----- Supplied data -----

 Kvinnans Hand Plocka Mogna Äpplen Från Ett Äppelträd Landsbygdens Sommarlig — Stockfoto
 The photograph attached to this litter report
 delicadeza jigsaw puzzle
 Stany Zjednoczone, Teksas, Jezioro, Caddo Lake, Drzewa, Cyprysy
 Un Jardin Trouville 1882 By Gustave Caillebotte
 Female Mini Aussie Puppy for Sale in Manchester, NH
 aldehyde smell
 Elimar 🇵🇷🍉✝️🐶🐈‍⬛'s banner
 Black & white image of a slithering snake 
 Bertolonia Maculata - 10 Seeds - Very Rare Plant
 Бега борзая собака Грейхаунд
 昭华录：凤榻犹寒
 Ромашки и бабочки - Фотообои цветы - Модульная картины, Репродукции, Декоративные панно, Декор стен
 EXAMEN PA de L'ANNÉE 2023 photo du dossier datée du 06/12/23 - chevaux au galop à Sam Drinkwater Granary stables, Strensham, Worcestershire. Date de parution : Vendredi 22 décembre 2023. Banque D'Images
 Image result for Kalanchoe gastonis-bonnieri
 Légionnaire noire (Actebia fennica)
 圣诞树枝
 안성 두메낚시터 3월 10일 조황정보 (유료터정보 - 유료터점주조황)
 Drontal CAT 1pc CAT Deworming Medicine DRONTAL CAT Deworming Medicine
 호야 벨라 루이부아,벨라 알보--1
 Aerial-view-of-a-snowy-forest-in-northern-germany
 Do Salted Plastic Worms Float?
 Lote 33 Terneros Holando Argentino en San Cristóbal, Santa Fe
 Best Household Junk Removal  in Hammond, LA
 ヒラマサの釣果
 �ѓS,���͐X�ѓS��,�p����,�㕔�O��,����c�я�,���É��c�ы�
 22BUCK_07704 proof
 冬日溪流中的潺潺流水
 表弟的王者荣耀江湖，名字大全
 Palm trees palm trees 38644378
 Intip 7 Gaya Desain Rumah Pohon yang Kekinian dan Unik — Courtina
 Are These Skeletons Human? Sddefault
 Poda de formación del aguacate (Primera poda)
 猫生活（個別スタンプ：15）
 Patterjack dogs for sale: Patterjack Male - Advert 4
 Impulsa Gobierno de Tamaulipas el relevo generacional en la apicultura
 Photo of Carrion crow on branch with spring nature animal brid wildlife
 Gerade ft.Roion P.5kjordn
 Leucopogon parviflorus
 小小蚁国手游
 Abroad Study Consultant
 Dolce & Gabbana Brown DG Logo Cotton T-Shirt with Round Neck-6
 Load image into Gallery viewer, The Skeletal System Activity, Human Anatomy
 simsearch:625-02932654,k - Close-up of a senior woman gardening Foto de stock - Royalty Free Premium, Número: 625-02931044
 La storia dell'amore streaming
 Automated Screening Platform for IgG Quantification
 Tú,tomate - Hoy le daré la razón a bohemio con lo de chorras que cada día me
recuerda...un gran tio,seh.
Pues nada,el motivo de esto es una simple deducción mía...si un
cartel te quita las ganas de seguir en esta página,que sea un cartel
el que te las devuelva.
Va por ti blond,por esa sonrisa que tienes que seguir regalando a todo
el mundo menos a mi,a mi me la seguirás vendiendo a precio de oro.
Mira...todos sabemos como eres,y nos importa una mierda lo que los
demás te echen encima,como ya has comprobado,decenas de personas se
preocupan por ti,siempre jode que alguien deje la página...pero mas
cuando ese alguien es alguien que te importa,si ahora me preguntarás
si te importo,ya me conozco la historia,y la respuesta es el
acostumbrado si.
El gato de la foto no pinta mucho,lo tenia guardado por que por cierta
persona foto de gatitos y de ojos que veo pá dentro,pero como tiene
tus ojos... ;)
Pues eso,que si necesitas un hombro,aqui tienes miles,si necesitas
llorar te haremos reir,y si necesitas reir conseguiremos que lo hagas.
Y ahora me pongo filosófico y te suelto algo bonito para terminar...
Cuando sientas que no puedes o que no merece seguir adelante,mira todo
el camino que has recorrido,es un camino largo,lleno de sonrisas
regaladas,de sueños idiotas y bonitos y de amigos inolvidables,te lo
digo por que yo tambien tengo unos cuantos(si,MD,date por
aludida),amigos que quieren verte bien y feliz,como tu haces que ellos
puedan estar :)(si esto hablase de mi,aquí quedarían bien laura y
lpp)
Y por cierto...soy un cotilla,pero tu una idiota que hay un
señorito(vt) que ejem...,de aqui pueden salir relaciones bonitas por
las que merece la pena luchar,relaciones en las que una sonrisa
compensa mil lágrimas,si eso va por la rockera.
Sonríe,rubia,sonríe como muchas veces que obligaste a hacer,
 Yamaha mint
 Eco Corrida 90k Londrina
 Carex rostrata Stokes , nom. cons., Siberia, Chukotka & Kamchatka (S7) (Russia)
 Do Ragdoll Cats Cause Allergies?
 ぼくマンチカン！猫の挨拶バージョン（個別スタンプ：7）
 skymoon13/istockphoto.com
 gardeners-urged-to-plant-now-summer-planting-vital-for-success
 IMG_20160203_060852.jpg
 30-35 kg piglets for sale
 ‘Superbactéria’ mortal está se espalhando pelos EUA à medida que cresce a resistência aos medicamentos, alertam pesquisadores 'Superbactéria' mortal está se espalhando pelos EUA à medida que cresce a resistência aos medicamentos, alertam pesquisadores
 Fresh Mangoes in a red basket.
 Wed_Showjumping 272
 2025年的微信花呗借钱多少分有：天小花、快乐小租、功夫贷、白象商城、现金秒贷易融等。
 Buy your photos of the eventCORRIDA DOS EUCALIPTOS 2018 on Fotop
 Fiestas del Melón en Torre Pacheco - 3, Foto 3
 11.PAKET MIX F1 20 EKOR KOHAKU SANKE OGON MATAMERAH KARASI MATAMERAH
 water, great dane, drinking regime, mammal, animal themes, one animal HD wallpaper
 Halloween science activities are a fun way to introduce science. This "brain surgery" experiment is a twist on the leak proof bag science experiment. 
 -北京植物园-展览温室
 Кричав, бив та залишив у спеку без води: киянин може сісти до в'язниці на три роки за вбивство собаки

-----

#### [Goal of the exercise]
What is wanted is every line from the first line of the entries through the line that contains "Impulsa Gobierno de", given again exactly.

#### [Answer for the task]
 Kvinnans Hand Plocka Mogna Äpplen Från Ett Äppelträd Landsbygdens Sommarlig — Stockfoto
 The photograph attached to this litter report
 delicadeza jigsaw puzzle
 Stany Zjednoczone, Teksas, Jezioro, Caddo Lake, Drzewa, Cyprysy
 Un Jardin Trouville 1882 By Gustave Caillebotte
 Female Mini Aussie Puppy for Sale in Manchester, NH
 aldehyde smell
 Elimar 🇵🇷🍉✝️🐶🐈‍⬛'s banner
 Black & white image of a slithering snake 
 Bertolonia Maculata - 10 Seeds - Very Rare Plant
 Бега борзая собака Грейхаунд
 昭华录：凤榻犹寒
 Ромашки и бабочки - Фотообои цветы - Модульная картины, Репродукции, Декоративные панно, Декор стен
 EXAMEN PA de L'ANNÉE 2023 photo du dossier datée du 06/12/23 - chevaux au galop à Sam Drinkwater Granary stables, Strensham, Worcestershire. Date de parution : Vendredi 22 décembre 2023. Banque D'Images
 Image result for Kalanchoe gastonis-bonnieri
 Légionnaire noire (Actebia fennica)
 圣诞树枝
 안성 두메낚시터 3월 10일 조황정보 (유료터정보 - 유료터점주조황)
 Drontal CAT 1pc CAT Deworming Medicine DRONTAL CAT Deworming Medicine
 호야 벨라 루이부아,벨라 알보--1
 Aerial-view-of-a-snowy-forest-in-northern-germany
 Do Salted Plastic Worms Float?
 Lote 33 Terneros Holando Argentino en San Cristóbal, Santa Fe
 Best Household Junk Removal  in Hammond, LA
 ヒラマサの釣果
 �ѓS,���͐X�ѓS��,�p����,�㕔�O��,����c�я�,���É��c�ы�
 22BUCK_07704 proof
 冬日溪流中的潺潺流水
 表弟的王者荣耀江湖，名字大全
 Palm trees palm trees 38644378
 Intip 7 Gaya Desain Rumah Pohon yang Kekinian dan Unik — Courtina
 Are These Skeletons Human? Sddefault
 Poda de formación del aguacate (Primera poda)
 猫生活（個別スタンプ：15）
 Patterjack dogs for sale: Patterjack Male - Advert 4
 Impulsa Gobierno de Tamaulipas el relevo generacional en la apicultura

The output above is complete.